Issue with device "flapping"

Wondering if someone can help with the following issue or propose a workaround:

I have a number of MQTT devices and I track if they are online or not (0=offline 1=online)

However, “flapping” occurs once in a while, IE : it rapidly swap offline/online within the same second, therefore both 0 and 1 appear under the same second even if technically 0/offline came before 1/online.

This can be seen correctly under a “table” viz.

However, when trying to track in a visual way (with time series or “discrete” for instance)
it seems to only retain 0 (which I assume is the “first” value under that second).
In reality, we should see 1/online everywhere, except for that split second 0/offline.
But instead, it just “sticks” at 0/offline.
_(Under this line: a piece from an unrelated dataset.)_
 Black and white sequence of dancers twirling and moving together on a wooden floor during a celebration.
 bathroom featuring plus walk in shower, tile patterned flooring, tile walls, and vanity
Any workaround for this? open to any ideas so I can correctly reflect reality in the graphs.

Thanks!

I think your query is a bit funky. The fact that you have GROUP BY time(1s) means that you’ll have values aggregated to 1-second resolution, but the presence of distinct() will (based on what you’re showing) expose multiple values per given timestamp. As you’ve seen, the visualizations can’t properly show multiple values at the same timestamp. I think you can do one of two things:

A) Don’t do aggregation/grouping over time. I.e. remove everything from the GROUP BY line, as well as the distinct() clause. That should return your raw data, i.e. all state changes, with the real timestamps at which each occurred (assuming these are recorded with sub-second resolution). The only issue is that you may need to play around with the visualizations to get what you need. I don’t remember whether you can tell the discrete panel to show the “last” value during periods where there is no data, but that’s basically what I guess you’ll need.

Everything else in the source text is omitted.